### Load Orders and Positions tables 

I created 2 csv files to represent the orders and positions tables. For the purpose of this exercise, I generated some dummy data. In the positions table, the price of wine has been fixed at 10 CHF.  The foreign key is order_id. 

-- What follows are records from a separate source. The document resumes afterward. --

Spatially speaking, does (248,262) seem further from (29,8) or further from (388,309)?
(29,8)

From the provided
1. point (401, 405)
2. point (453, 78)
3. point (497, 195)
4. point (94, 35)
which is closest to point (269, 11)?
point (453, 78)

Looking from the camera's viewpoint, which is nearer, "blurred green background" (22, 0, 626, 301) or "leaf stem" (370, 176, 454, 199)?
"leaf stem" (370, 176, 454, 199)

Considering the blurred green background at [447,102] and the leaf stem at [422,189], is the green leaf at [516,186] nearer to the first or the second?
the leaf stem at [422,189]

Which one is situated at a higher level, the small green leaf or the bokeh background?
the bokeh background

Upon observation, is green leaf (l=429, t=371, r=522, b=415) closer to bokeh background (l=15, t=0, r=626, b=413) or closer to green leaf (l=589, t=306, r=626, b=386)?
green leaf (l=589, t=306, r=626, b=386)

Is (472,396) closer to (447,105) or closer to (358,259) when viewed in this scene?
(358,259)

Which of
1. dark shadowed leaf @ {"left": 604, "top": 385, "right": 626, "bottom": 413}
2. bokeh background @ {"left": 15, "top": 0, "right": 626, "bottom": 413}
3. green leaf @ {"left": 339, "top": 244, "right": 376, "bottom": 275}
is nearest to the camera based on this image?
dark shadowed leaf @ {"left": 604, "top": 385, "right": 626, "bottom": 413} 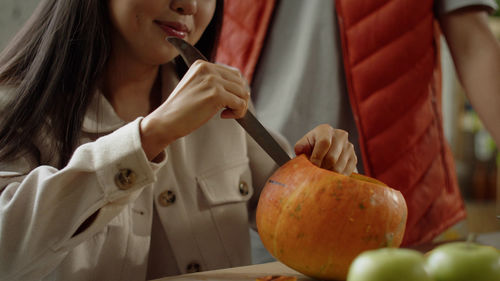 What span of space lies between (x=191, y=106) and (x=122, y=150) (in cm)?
12

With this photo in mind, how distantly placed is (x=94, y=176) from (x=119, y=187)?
0.04 meters

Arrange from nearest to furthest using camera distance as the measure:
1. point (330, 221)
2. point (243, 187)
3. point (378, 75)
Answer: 1. point (330, 221)
2. point (243, 187)
3. point (378, 75)

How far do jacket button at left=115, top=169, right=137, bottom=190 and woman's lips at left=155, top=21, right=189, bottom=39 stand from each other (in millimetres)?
297

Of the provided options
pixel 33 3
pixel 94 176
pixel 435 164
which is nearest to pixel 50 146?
pixel 94 176

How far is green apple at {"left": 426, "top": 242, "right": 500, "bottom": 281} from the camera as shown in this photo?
1.62 feet

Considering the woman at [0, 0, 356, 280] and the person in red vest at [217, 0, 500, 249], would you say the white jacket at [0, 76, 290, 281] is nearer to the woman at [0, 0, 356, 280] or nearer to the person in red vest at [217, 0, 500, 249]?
the woman at [0, 0, 356, 280]

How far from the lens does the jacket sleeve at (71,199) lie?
2.29ft

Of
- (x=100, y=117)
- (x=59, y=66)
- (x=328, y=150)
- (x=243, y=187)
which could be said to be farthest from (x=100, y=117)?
(x=328, y=150)

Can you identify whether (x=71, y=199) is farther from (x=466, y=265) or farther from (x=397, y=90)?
(x=397, y=90)

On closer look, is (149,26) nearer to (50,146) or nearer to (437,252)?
(50,146)

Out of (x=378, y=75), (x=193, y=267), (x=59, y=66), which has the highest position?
(x=59, y=66)

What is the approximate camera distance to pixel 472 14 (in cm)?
114

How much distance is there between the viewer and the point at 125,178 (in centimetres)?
70

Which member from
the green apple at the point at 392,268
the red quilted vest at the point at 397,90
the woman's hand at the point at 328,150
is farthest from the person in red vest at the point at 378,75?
the green apple at the point at 392,268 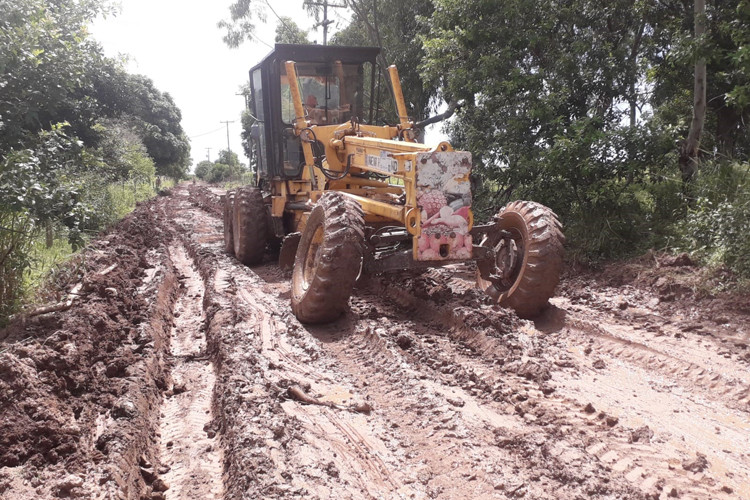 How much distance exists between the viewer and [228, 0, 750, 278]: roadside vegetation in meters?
7.80

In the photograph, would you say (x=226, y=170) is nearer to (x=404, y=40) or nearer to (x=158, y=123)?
(x=158, y=123)

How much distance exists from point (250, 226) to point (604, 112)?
237 inches

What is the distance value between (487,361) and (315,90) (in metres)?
4.86

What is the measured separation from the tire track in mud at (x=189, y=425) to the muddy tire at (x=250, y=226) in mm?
2957

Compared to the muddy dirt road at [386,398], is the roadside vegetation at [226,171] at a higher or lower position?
higher

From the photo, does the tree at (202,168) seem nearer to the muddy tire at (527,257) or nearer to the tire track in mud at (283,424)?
the muddy tire at (527,257)

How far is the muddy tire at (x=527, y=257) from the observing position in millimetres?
5730

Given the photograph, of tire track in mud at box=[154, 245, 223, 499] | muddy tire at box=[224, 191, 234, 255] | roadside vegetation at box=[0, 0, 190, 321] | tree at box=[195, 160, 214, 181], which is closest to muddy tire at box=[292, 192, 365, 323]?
tire track in mud at box=[154, 245, 223, 499]

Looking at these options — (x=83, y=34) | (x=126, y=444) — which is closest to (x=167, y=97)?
(x=83, y=34)

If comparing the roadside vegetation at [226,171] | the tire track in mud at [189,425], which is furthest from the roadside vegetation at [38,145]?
the roadside vegetation at [226,171]

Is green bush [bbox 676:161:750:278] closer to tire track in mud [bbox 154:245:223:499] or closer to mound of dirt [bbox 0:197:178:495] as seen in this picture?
tire track in mud [bbox 154:245:223:499]

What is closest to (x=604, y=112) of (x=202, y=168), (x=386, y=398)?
(x=386, y=398)

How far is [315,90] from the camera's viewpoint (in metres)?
8.09

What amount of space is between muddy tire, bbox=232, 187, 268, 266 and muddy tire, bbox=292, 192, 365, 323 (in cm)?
336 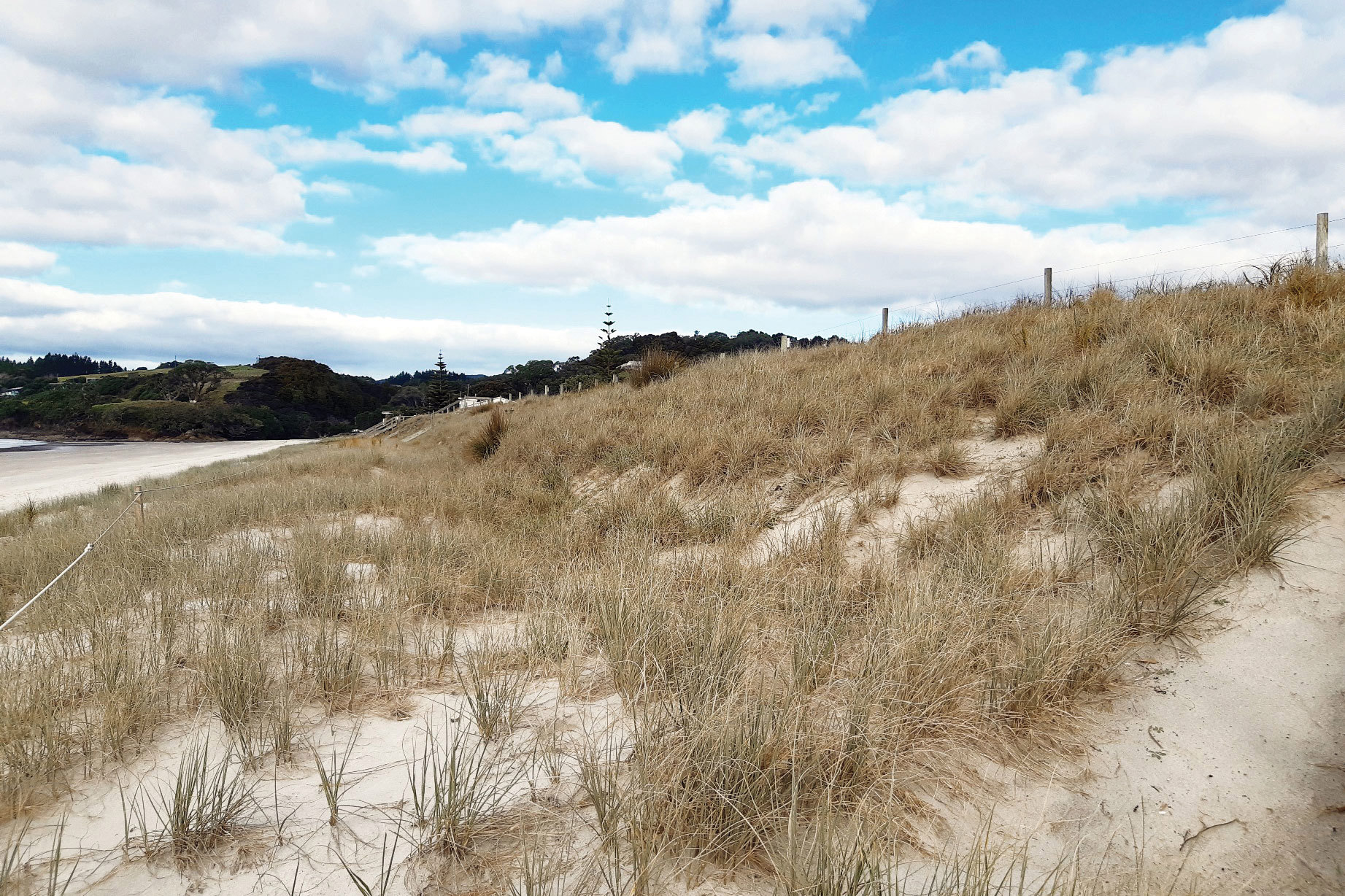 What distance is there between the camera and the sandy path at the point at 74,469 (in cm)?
1917

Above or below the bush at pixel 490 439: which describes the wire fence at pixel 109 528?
below

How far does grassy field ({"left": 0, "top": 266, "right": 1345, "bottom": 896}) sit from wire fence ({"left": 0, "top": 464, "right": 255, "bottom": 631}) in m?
0.16

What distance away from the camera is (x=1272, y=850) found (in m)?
2.39

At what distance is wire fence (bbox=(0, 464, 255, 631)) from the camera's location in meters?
4.10

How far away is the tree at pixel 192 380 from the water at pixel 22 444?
26359 millimetres

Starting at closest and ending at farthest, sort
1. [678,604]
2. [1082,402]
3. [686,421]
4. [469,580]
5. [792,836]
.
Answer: [792,836] < [678,604] < [469,580] < [1082,402] < [686,421]

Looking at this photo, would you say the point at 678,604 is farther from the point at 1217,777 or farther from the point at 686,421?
the point at 686,421

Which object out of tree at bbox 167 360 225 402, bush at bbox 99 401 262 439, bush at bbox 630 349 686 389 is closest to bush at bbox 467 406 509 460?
bush at bbox 630 349 686 389

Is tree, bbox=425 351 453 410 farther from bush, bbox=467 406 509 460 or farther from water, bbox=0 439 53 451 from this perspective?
bush, bbox=467 406 509 460

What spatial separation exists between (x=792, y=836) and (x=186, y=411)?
313ft

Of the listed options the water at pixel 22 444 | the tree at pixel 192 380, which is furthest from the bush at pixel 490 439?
the tree at pixel 192 380

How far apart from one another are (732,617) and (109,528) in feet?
25.1

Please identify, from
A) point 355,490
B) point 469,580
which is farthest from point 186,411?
point 469,580

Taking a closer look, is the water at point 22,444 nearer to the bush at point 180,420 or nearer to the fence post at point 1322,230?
the bush at point 180,420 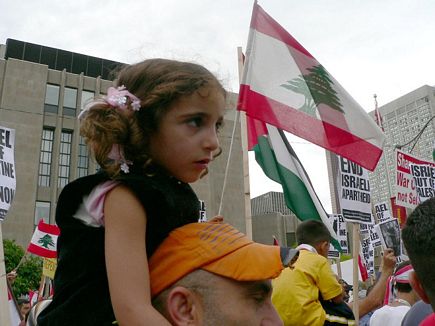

To use the files, they must be imported and stored into a pandas DataFrame (similar to a SQL table). 

In [49]:
# Import pandas library used for data analysis and manipulation

import pandas as pd

In [61]:
# Load and view orders.csv file

df_orders = pd.read_csv('orders.csv')
df_orders.head()

Unnamed: 0,order_id,order_version_id,date,total,quantity,valid_from,valid_to
0,1,1,2022-01-01 00:00:00,100,10,2022-01-01 00:00:00,2022-01-05 00:00:00
1,1,2,2022-01-01 00:00:00,50,5,2022-01-05 00:00:00,9999-01-01 23:59:00
2,2,1,2022-02-01 00:00:00,100,10,2022-01-01 00:00:00,2022-02-10 00:00:00
3,2,2,2022-02-01 00:00:00,50,5,2022-02-10 00:00:00,2022-02-11 00:00:00
4,2,3,2022-02-01 00:00:00,200,20,2022-02-11 00:00:00,9999-01-01 23:59:00


In [62]:
# Load and view positions.csv file 

df_positions = pd.read_csv('positions.csv')
df_positions.head()

Unnamed: 0,order_id,position_id,wine_id,wine_name,quantity,price,netto_netto_price
0,1,1,1000,red,3,10,8
1,1,2,2000,white,2,10,9
2,2,2,2000,white,5,10,9
3,2,1,1000,red,10,10,8
4,2,3,3000,organic,5,10,7


### Show the last version of each order

#### Option 1 - using the valid_to column

In [53]:
# Since valid_to of the newest version of an order is set to a generic future datetime "9999-01-01 23:59:00", 
# we can use that value to filter the last order versions.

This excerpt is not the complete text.